There are some days I think I’m losing it.
Then there are days that I know I’ve lost it already.
Yesterday was a day like that.
Well, actually it all started the night before.
I was loading the dishwasher. Somehow I got distracted. I don’t know how that happened.
I mean between the baby crying and David chasing the dogs with a baseball bat – It was a Nerf bat, but still – and Dave trying to have a conversation with me about something that I’m sure was important, I don’t see why I wasn’t completely focused on the dishes.
But somehow I got off track.
I started taking the dirty dishes that I’d just put in the dishwasher out. And I put those dishes away in the cupboard. As I grabbed a plate that was covered in some unidentifiable goo I realized what I was doing.
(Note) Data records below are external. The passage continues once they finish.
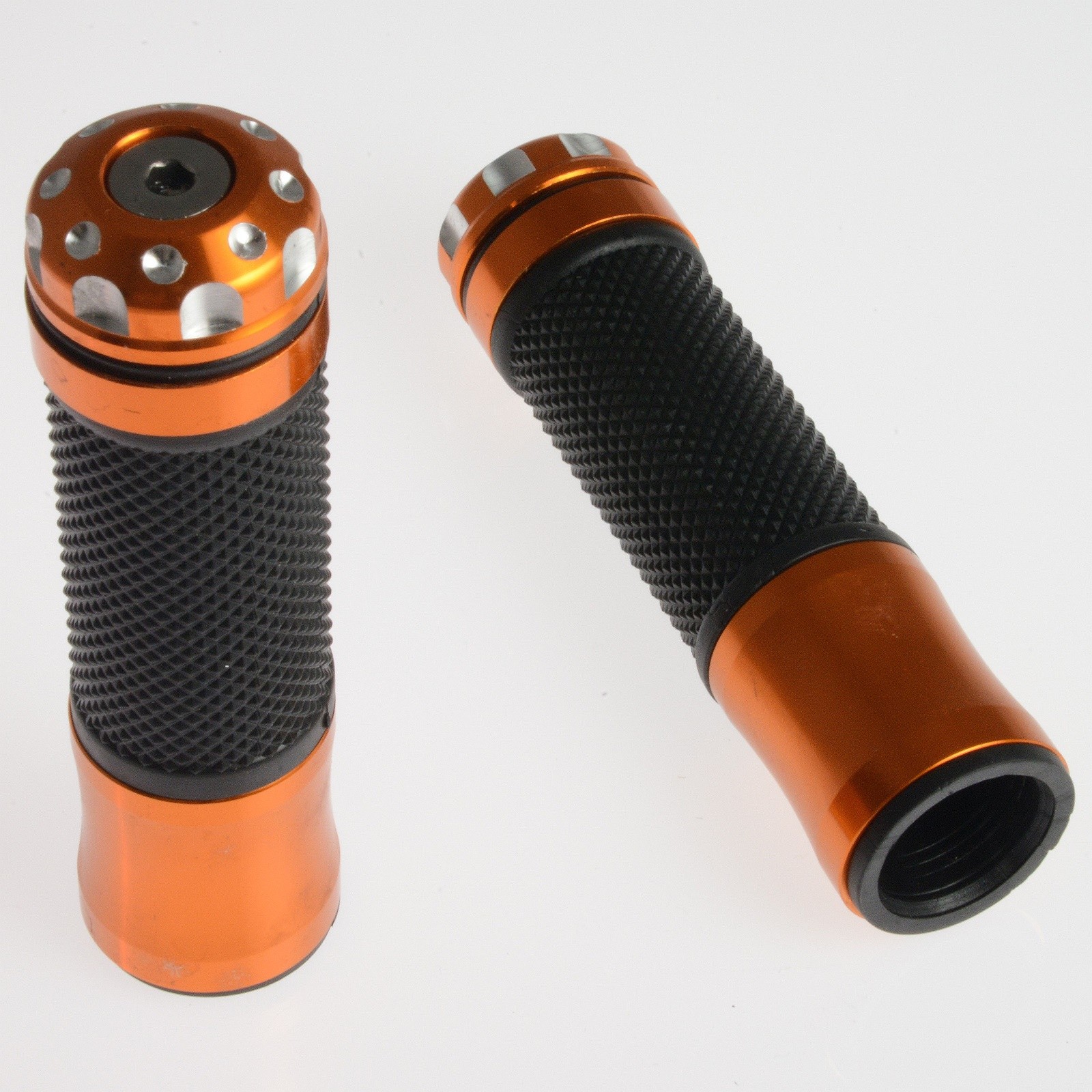 Coppia Manopole Metallo Gomma Moto Scooter Custom Universali Manubrio ORO 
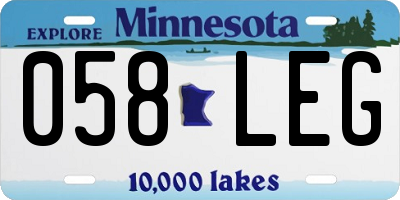 MN license plate 058LEG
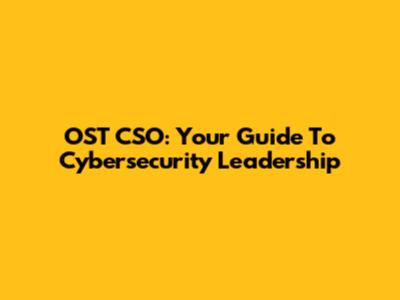 OST CSO: Your Guide To Cybersecurity Leadership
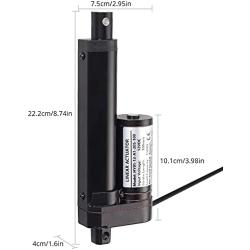 Justech 100mm 4-inch 1500N 330lbs Linear Actuator Motor Heavy Duty DC 12V for Car RV Electric Door Opener Industrial Agricultural Machinery Clean Sweeping Vehicles Vessels Cargo Medical Window-Black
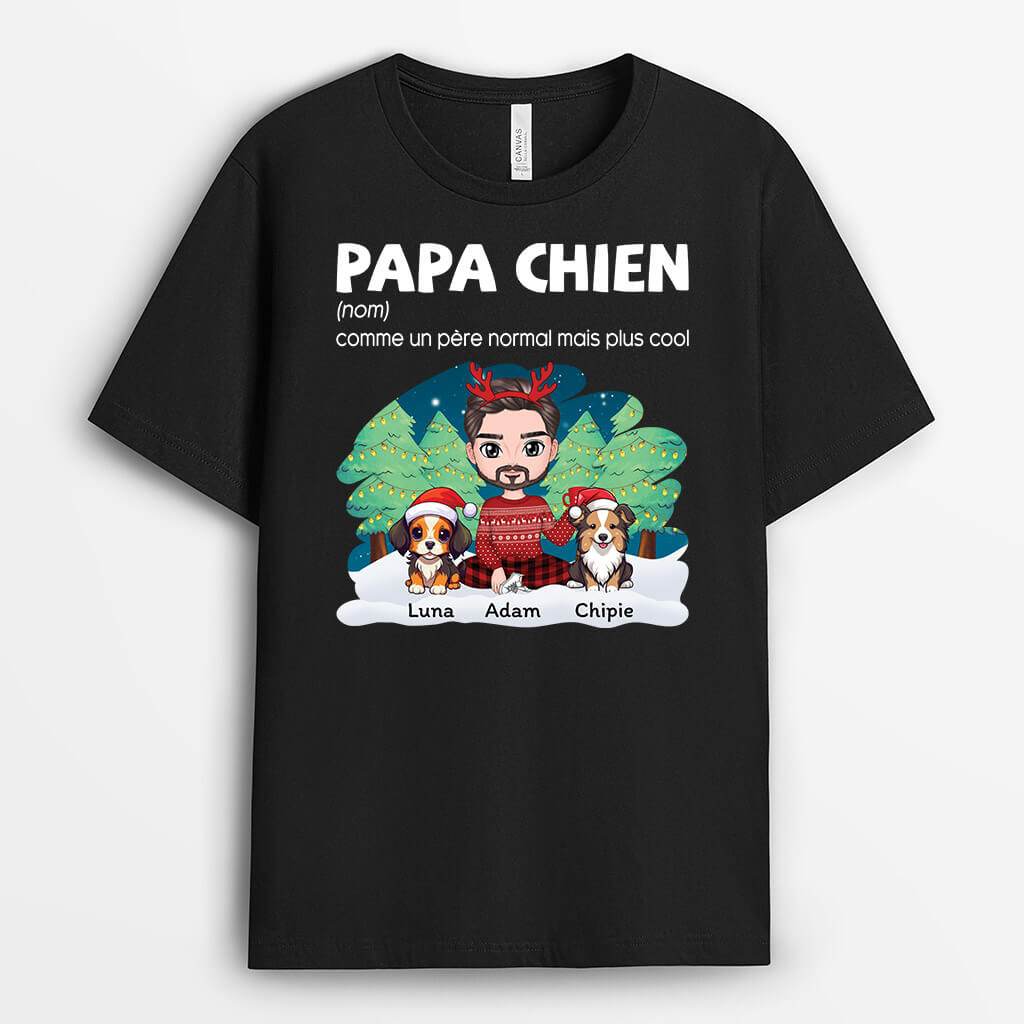 1450AFR2 t shirt definition papa de chien version noel personnalise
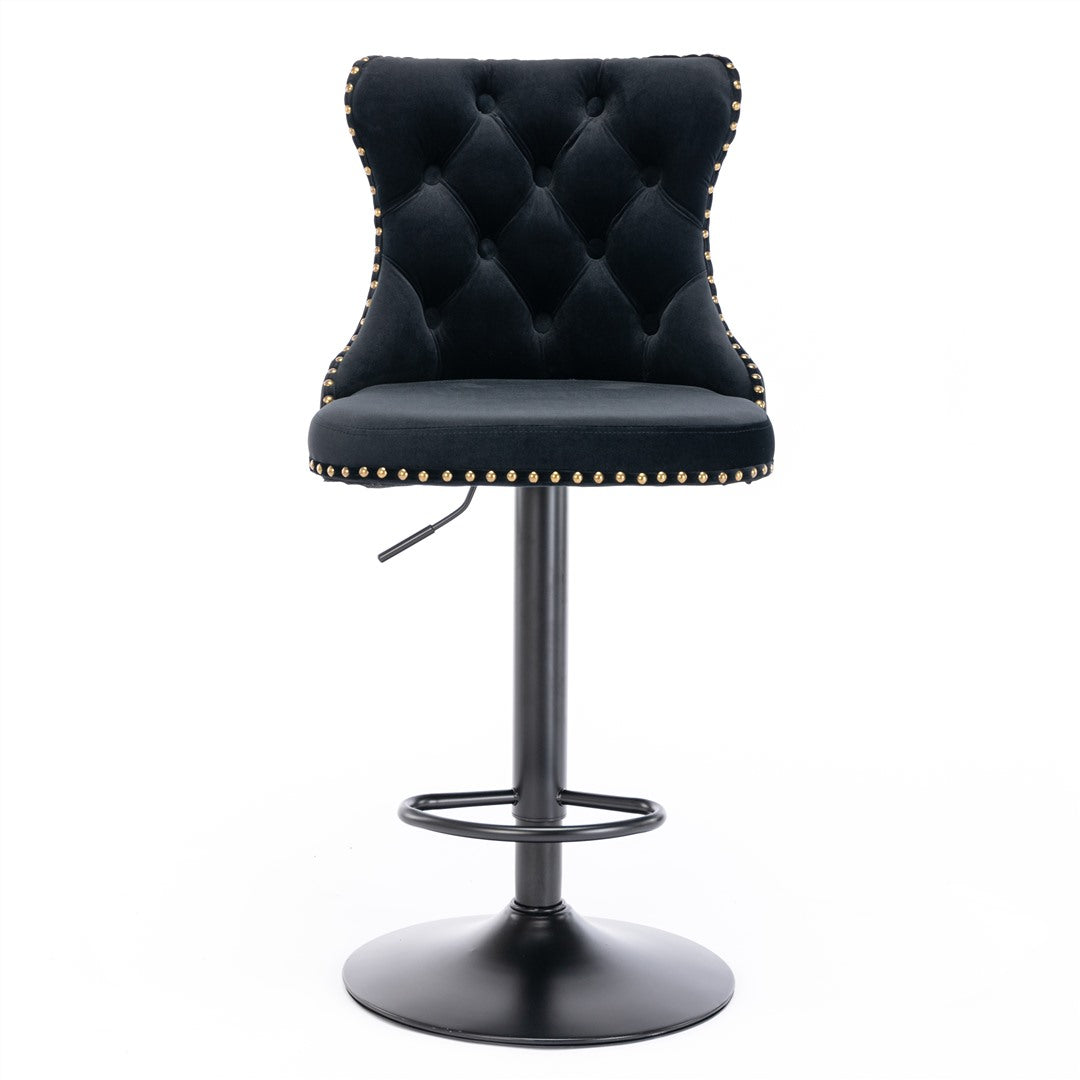 Table & Bar Stools: 2x Height Adjustable Swivel Bar Stool Velvet Nailhead Barstool with Footrest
I think I found all the yucky dishes that I put away, and placed them back in the dishwasher.
I think.
It’s hard to tell with water glasses.
I turned that load on, and went off to attend to the baby.
We have a small portable dishwasher. The only way we could have a built-in is if we removed four whole kitchen drawers. I can’t afford to loose that much storage space. So usually I have to do more than one load a day.
I needed to wash baby bottles that night too. When the first load finished I emptied the dishwasher, and went about rinsing and loading the bottles. I added the dishwasher liquid, closed the door, and hooked the hose up to the kitchen faucet.
Then I ran off to see what was causing the loud crash-boom coming from the vicinity of David’s room.
It was around noon yesterday, when I retrieved a bottle from the dishwasher for the second time that day, that I noticed the dishwasher liquid was still its little compartment.
I’d never turned the darn thing on!
And I’d fed poor Wade breakfast in a dirty bottle.
Thankfully as of yet no one is in the hospital with botulism.
Sigh.
I think I’m just gonna buy disposable everything from now on.
Hang the environment.
My little storehouse of knowledge, which wasn’t necessarily that large to begin with, is getting barer by the day it seems.
I forget little things. General knowledge kind of things that anyone who went past the 9th grade should know.
Now, I admit to not being the best speller. And I’m not a very good typist either. I’m also a terrible proof reader.
For me Spell Check is not just a tool. It is a way of life.
My trouble with getting the right letters in the right order often leads to some unfortunate errors in my writing.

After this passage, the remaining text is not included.